The experimental results from Rows 14 to 17 reveal that HANs-BLSTM is better than HANs-LSTM and HANs-BLSTM+CNN is also better than HANs-LSTM+CNN. These comparisons indicates that the BLSTM-based attention is more effective than the LSTM-based attention. The reason is that the BLSTM-based attention can capture more semantic information from both directions than the LSTM-based attention. In Fig. 2, our model firstly computes the attentive representation for the forward and backward LSTM layer respectively, then sum the two outputs to generate the representation of the input short text. Therefore the addition of the attentive representation from both directions picks out informative characters and words.
For Movie Review and Weibo Rumor, Rows 16 and 17 imply that adding CNN-based attention does not help and may even lower the performances.
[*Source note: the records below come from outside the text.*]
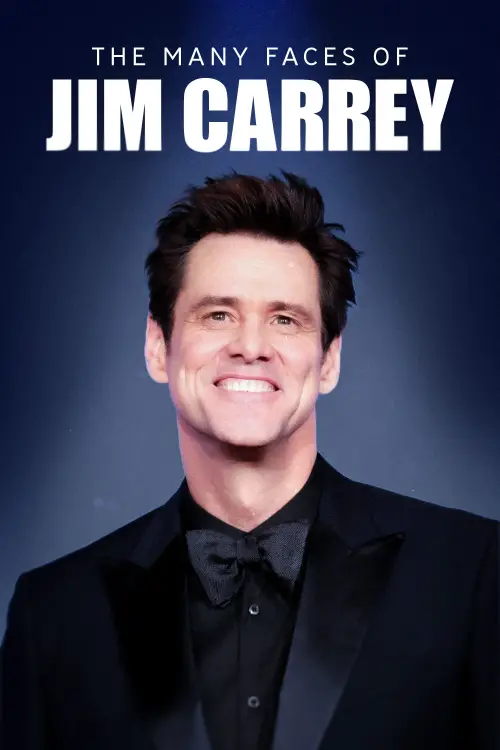 Постер до фільму "The Many Faces of Jim Carey"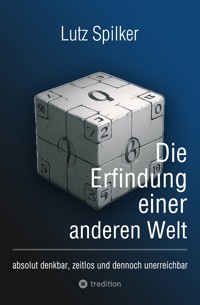 Die Erfindung einer anderen Welt - Lutz Spilker - ebook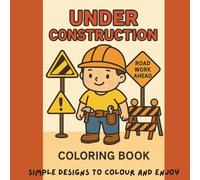 Under construction: Dig into the world of construction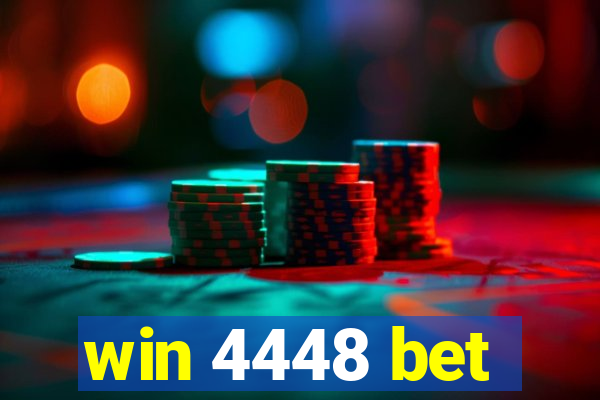 win 4448 bet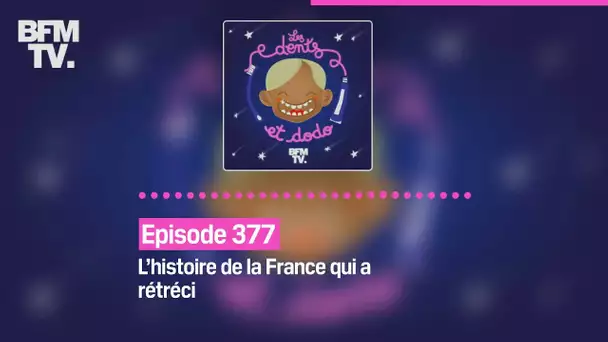 Les dents et dodo - Episode 377: La France qui rétrécit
It may be the reason that several discrete words or characters determine the semantic of each Chinese short text in above two datasets, and the distances among these salient words or characters are long while CNN can only capture the semantic in the range of convolution window.
In all of the baselines, C-LSTMs/BLSTMs model almost achieves the best result relatively. However, comparison with the best results of all baselines, our model HANs-BLSTM (+CNN) further improves the F1-score by 1.0%, 1.5% and 1.9% on three datasets respectively.
5 Conclusion
In this paper, we propose a Hybrid Attention Networks (HANs) for Chinese short text classification, which aggregates important characters and words into sentence vectors respectively and merges them into one representative vector. Experimental results demonstrate that our model outperforms all of the baselines on two typical types of Chinese short text (i.e. regular and user-generated short text). Also it shows that our model is effective to select informative semantic units from a Chinese short text. In the future, we intend to explore our model in the representation of longer document.